En1953, Choukri Mesli organise avec Sauveur Galliéro et Louis Nallard, de passage à Alger, une exposition de la jeune peinture algérienne, obtient le premier prix de la Ville d’Alger. Après un passage par les Beaux-Arts d’Alger, Mesli s’installe à Paris en 1954, où il poursuit sa formation artistique à l’École nationale des beaux-arts. «Etudiant le jour, activiste le soir», son militantisme est une affaire familiale. Montés au maquis, sa sœur Fadéla et son frère Amine sont respectivement arrêtés en 1956 et 1957. 

Au début de l’année 1957, Mesli participe à la grève de huit jours lancée par le FLN qui marque le début de la bataille d’Alger. L’objectif est de prouver à la France et à la communauté internationale la détermination du peuple algérien à obtenir son indépendance. L’engagement d’artistes comme Mesli relevait de la résistance politique, culturelle et identitaire. Mais si les artistes algériens nés dans les années 1930, comme M’hamed Issiakhem, Baya Mahieddine, Choukri Mesli et Mohamed Khadda, sont communément considérés comme les fondateurs d’une peinture algérienne moderne, un flou en terme  de classification plane sur les arts développés entre 1945 et 1962. Quid des artistes du Môle ? Je tente dans cet essai de lever l’ambiguïté.

  • Vous m’avez parlé d’un projet littéraire, de la poésie, un autre registre…

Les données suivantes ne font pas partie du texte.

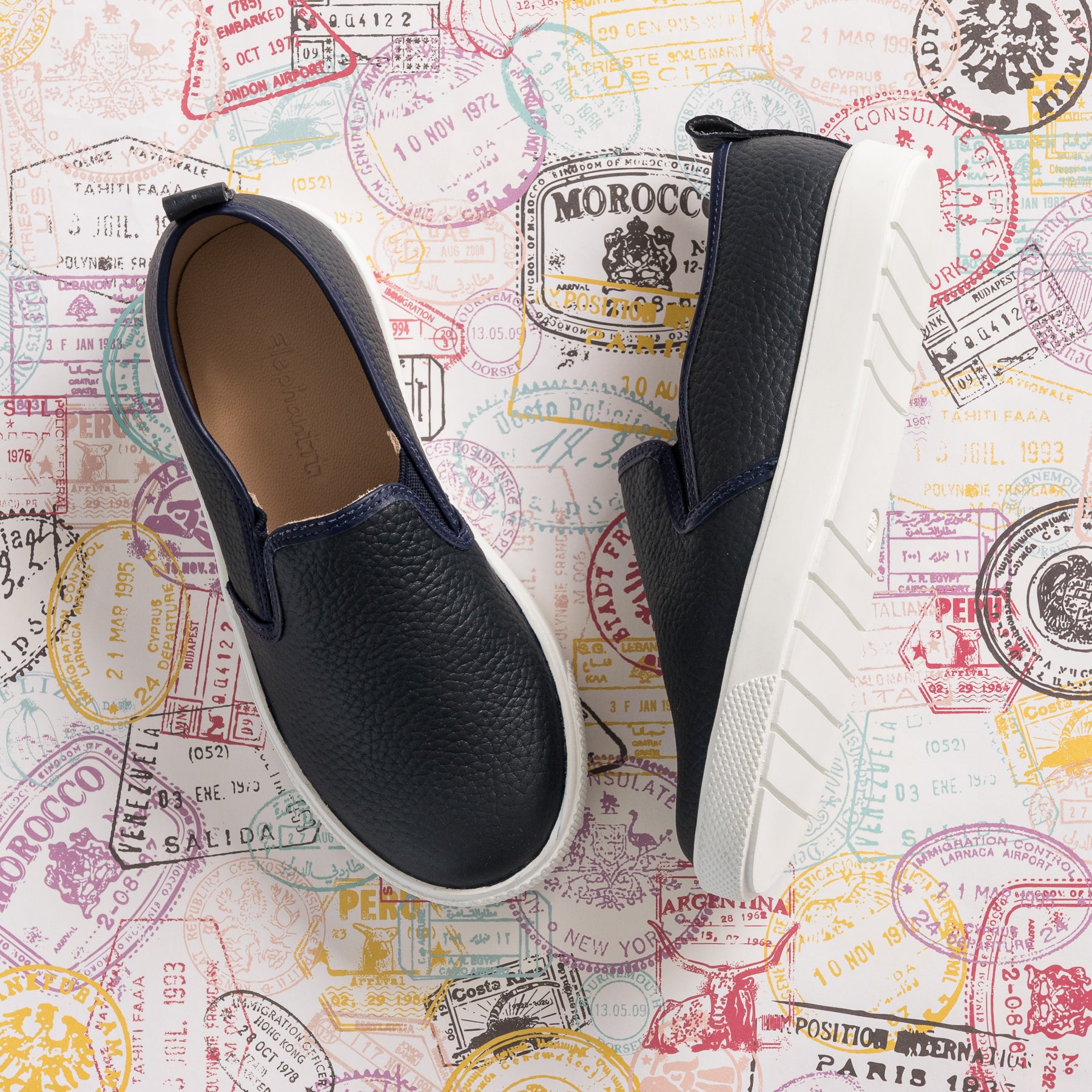 Navy blue textured slip-on shoes for kids with white thick rubber soles and elastic side panels.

Écrire en tant que chercheur exige d’observer une forme de neutralité scientifique (si tant est que cela existe). Le travail de création, lui, n’obéit pas à ces logiques académiques et permet une plus grande liberté. J’écris à côté des choses plus subjectives. La littérature permet de penser ces questions avec des partis pris esthétiques. Encore faut-il se jeter à l’eau et publier, peut-être un jour, qui sait ?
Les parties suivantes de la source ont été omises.